I was telling a buddy yesterday who was over drinking a beer or two that CSPAN 2 BOOKTV makes me so excited for Saturdays. I won't call myself a Nerd but will affirm the geekiness of this affection. Most Americans deaden their brains with TV sports, sitcoms, "reality shows" or crime shows (mere words cannot describe how much I despise mayhem as entertainment), so I am not ashamed to having a scholarly addiction. I was ashamed of being smart for years in my thinking and writing as it made me feel effeminate. I think that is why many male writers really struggle with alcohol and addiction. Writing seems non-masculine, particularly if it is about sensitive and painful topics and the interior world. Writing about war is manly. About how our feelings were hurt by less dramatic things, not so much.
Watching BOOKTV helps makes me well informed and educated, something that boneheads call elitist. We all have our gifts and talents. Mine just happen to be in the academic and athletic arenas.
This speaker yesterday is an expert on facial expressions and he had this fancy-pants graph of sorts that put current and past political leaders on a chart according to their facial expressions and what emotions are being expressed.
Interestingly, Trump's #1 facial expression, according to Dan Hill, is SORROW. I think the second was disgust. All of this insight came after I participated in an unusually productive discussion in a Facebook post about how anger becomes the go-to male emotion in most cultures. If a man is sad, it will come out as anger behaviorally. If a man is lonely, anger. If afraid, anger. Anger becomes the one crayon in the box that men and young males can use without being seen as being a wimp.
All these emotional crayons turn black.
I think this underlies the mass shooting epidemic in our country. A lot of angry dudes with guns, some troubled to an extreme degree. Although we are not keen as classifying murderous impulses acted upon as a clinical mental heath issue, it most certainly is, although most clinically mentally-ill people (i.e.
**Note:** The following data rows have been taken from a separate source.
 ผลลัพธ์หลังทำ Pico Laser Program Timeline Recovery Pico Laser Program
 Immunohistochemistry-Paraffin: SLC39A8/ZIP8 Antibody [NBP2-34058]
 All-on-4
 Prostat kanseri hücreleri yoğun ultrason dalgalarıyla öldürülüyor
Bipolar, Schizophrenics) are less likely to be violent than the general population.
So, the way out of this corner it to create another diagnostic category of Mass Murder Mania or something along those lines.
Hill's thesis is the facial expressions reveal the underlying emotions that are fueling the anger. I have really been puzzled by why Trump seems so belligerent all of the time, and in particular the anger piece. I mean he, almost more than anyone, benefited financially from Wall Street taking over Main Street through the escalation of Manhattan real estate prices. Corporations and the attendant financial marketeers have created an insider game economy, where you need a decent amount money to make money. It is not through the secret sharing of information necessarily, although it could be at times, but instead an individual needs financial resources to buy a boat to even float on the financial river. And once on the river, you just have had to stay the course over time to reap rewards. That may lead to a waterfall but that has been the plan up until now. We may not be able to row out of the rapids at some point.
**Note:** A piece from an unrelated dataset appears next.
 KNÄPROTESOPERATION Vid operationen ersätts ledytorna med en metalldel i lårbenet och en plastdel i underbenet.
Trump acts aggrieved and frankly it is bizarre. It is not for our country, it is about him. Everything is always about him. So, Trump's populist stance and anger against these elites is either just a ruse (and it has to be to a degree) or his anger is being driven by some psychic wound arising out of his life background. His dad was a Germanic authoritarian parent (also, not easy to be culturally Germanic during WWI and particularly WW II), older brother died fairly young because of alcoholism, mom was supposedly distant and non-affectionate, the government accused and proved he and his dad of not renting to black people in their rentals in New York, he had to become filthy rich to get women to find him attractive, blah, blah, blah.
Understanding this actually is helping me to have some pity for Trump. And pity for us as we are trapped in the whirlwind of a hurting and powerful man who is profoundly unreconciled and not healed from what has hurt him. I will pray for him.
Assuming that Hill's assessment is correct, it is quite possible that Trump is a wounded little boy emotionally who now leads the United States of America and is likely to get re-elected as I am not sure Biden could serve of the leadership team for the Bingo Tourney at the retirement home. And the rest of the candidates really come up short in some crucial characteristic. So, once again, the Dems will nominate an unelectable presidential candidate and Trump will crow even more. And this will be awful for our country. Trump will feel exonerated and even become more prone to grandiosity. And less healed and healing.
So, how do we heal the hurt within so it doesn't metastasize to explosive anger and actions? We as men have to be open to expressing our emotions that make us feel vulnerable. I suppose than might reduce the Man Card but playing the cards as we are doing is not resolving the escalation of anger in our society than is starting to run amok. Either we deal with our hurt or we don't, things will just continue to unravel.
Jesus wept and so can we. "A Man of Sorrows, well-acquainted with grief."